To start, I am responsible for providing affordable, quality programs, services and events for nearly 70,000 residents, am fiscally accountable for a $9.2M operating budget and a multi-million dollar capital improvement budget.  

I maintain 900 acres of parkland, supervise 50 full time and 500 part time seasonal employees, operate community centers and develop a strategic plan, and abide by a master plan.

Speaking of master plan, our Department just completed our own master plan process, culminating three years of work, not using a consultant, saving the City $100,000.

In addition, when an opportunity arises, I am able to be creative in design and development or redevelopment of land for parks and facilities. Under my leadership, the Department designed, constructed and opened the City’s first two LEED certified buildings; and received awards in Smart Growth, Historic Preservation, and Environmental Service.

We built the first synthetic turf field comprised of an organic infill on the East Coast in a government setting as well as the first natural play space in a municipal setting in the State, Constitution Gardens Park.

This Park is 1.05-acres and celebrates the past, present, and future of Gaithersburg with threads of sustainability and elements inspired by the cultural, economic and natural history of the area.

It is comprised of a bubbling millstone fountain that pays homage to the City’s agricultural past and numerous mills located along Gaithersburg’s Great Seneca Creek tributaries centuries ago, a gazebo surrounded by historic roses and peonies, colorful native perennials and an herb garden, porch swings, benches, tables, and boulders.

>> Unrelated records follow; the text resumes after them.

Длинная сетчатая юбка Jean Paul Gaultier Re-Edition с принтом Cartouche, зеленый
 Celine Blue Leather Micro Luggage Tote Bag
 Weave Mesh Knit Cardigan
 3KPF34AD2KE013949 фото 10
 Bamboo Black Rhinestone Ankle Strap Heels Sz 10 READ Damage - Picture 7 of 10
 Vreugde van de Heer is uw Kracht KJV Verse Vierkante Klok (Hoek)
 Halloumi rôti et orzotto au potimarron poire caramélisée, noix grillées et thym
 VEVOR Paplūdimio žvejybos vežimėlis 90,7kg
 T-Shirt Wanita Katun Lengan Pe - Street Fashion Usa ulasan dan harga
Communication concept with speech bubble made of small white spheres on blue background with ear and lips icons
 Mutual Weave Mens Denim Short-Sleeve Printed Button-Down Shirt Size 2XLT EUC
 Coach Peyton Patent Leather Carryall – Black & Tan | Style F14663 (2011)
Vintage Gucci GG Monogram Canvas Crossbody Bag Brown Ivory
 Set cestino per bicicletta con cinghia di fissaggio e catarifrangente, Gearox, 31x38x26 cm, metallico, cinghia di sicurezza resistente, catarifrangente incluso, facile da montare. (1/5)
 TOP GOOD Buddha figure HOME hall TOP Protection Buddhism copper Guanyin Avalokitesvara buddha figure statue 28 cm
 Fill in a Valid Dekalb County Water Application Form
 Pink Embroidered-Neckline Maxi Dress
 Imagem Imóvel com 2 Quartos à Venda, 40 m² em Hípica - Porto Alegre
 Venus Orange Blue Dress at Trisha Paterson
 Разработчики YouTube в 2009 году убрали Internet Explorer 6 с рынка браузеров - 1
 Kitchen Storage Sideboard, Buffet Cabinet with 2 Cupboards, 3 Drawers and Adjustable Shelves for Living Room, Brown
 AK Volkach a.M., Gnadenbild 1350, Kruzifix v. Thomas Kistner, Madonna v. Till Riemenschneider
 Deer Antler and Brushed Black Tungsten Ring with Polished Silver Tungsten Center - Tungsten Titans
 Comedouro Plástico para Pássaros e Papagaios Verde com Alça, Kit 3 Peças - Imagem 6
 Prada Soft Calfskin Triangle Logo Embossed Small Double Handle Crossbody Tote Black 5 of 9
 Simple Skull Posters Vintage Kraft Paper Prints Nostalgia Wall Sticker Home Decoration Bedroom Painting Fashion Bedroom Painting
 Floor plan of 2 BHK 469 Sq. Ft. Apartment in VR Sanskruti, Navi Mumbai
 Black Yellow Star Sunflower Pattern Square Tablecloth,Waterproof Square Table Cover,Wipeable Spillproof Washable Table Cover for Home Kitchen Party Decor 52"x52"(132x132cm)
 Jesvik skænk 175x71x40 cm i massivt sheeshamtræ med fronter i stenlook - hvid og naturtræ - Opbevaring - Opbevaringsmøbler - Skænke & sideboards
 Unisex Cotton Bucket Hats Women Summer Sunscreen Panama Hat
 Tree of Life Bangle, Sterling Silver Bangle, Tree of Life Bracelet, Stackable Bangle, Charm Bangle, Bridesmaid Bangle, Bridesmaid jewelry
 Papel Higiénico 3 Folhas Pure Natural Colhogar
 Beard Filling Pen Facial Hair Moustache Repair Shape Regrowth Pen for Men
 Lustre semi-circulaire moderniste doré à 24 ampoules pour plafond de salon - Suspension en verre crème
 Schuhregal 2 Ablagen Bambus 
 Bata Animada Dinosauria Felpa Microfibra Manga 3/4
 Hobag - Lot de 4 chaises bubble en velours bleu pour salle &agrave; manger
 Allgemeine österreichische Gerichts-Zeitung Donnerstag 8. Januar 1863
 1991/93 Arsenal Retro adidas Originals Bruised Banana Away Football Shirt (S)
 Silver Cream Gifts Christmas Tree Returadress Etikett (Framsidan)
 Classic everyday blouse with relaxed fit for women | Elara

A Lost Library Story Circle, in remembrance of the former Gaithersburg Library lost to fire on this site, features historic posts from the old library entrance, a giant log storyteller’s chair, and beautiful hand-painted lending libraries.

Other areas, including Log Town (which Gaithersburg was known as until 1878), Sliding Hill, and Great Seneca Creek Wild Space include natural play areas, wooden farm animals, stump jumps, log-framed playhouses, hand pumps for water play, and a large fallen tree.

Native plants located throughout the Park are enhanced by informative signage and leaf prints embedded in the concrete walkways. Two lushly planted rain gardens capture and infiltrate storm water runoff entering the site from adjacent streets and properties. Recycled and repurposed materials factor heavily in this design.  The Park is 80% ADA Accessible.

Being a parks and recreation professional is more than playing sports or leading a fitness class or putting on a special event.  

There are many administrative functions, such as planning, budget, and marketing, staffing, purchasing, and adhering to policies and procedures, registration set-up, creating surveys for customer feedback.  

After each program or event, staff does a thorough analysis of the quality of the offering and customer experience can be improved.